Bupati Pegang Chainsaw, Muslim Bangun Gereja: Toleransi Menyala di Tanah Kei

Maluku Tenggara, Kabarsulsel-Indonesia.com | Di Ohoi Ohoirenan, sebuah kampung kecil di sudut timur Indonesia, toleransi tak lahir dari seminar atau spanduk seremonial.

Ia tumbuh dari tanah, menyerap peluh warga, dan hidup dalam kerja kolektif—seperti sore itu, saat pohon-pohon ditebang demi rumah ibadah yang akan menampung doa umat Kristiani.

Di tengah bunyi nyaring mesin chainsaw dan debu kayu yang beterbangan, satu pemandangan mencuri perhatian: Bupati Maluku Tenggara, M. Taher Hanubun, berdiri sejajar dengan warga, menggenggam sendiri mesin pemotong, dan menggesek batang kayu dengan tenaganya.

Tak ada jarak kekuasaan di antara kerumunan itu—yang ada hanya semangat gotong royong dan kepedulian yang membumi.

“Ini bukan tentang agama, ini tentang kemanusiaan,” ujar Taher pelan, saat rehat sejenak di bawah rindangnya pohon. “Di Kei, kita diajarkan sejak kecil bahwa membantu membangun gereja atau masjid adalah bagian dari tugas hidup sebagai saudara satu tanah, satu marga.”

Dan benar, di Kei, marga lebih dulu menyatukan sebelum agama datang memberi sekat.
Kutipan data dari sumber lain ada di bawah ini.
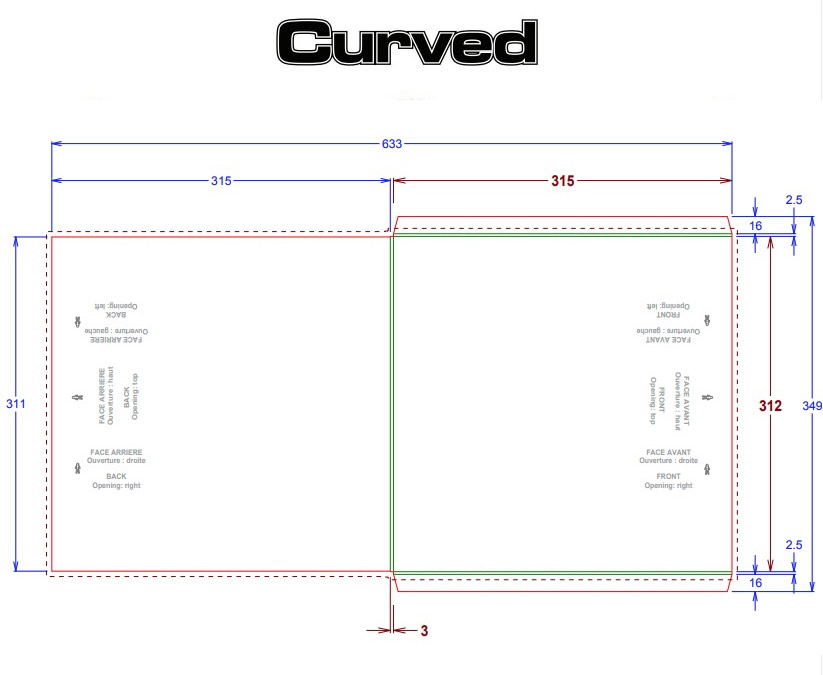 Forhandle Frugtbar Mikroprocessor Vinyl Artwork Templates - Curved Pressings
Di kampung ini, saat masjid dibangun, umat Kristiani ikut menyumbang tenaga dan bahan. Begitu pula saat gereja berdiri, keluarga Muslim datang bukan sebagai penonton, melainkan pekerja.

“Kalau ada pembangunan masjid, semua bantu. Kalau gereja, kami keluarga Muslim juga turut mendukung. Karena marga tidak bertanya agamamu apa, tapi siapa yang kau bantu,” kata salah satu tokoh masyarakat yang turut memikul batang kayu.

Bagi warga Ohoirenan, kehadiran Bupati bukan sekadar kunjungan pejabat. Itu adalah pengakuan terhadap nilai-nilai luhur yang mereka jaga turun-temurun. Kepala Ohoi, Yulius Rahalus, menyambutnya dengan penuh haru.

“Kami sangat bersyukur Bapak Bupati datang melihat langsung perjuangan kami. Beliau tidak hanya berdiri menonton, tapi ikut bekerja bersama. Itu bagi kami adalah penghormatan,” ucapnya. “Semoga Tuhan dan leluhur menjaga langkah-langkah beliau.”

Di tengah kabut polarisasi yang kian menebal di banyak tempat, tanah Kei menunjukkan bahwa perbedaan tak harus memisahkan.

Bahwa iman tak selalu harus ditunjukkan lewat doktrin, tapi bisa hadir dalam bentuk sepotong kayu yang dipikul bersama menuju tempat ibadah.

Di negeri berjuluk Tanebar Evav ini, toleransi tak diajarkan—ia diwariskan. Dan hari itu, di bawah sinar mentari Ohoirenan, ia kembali hidup dan bersinar terang.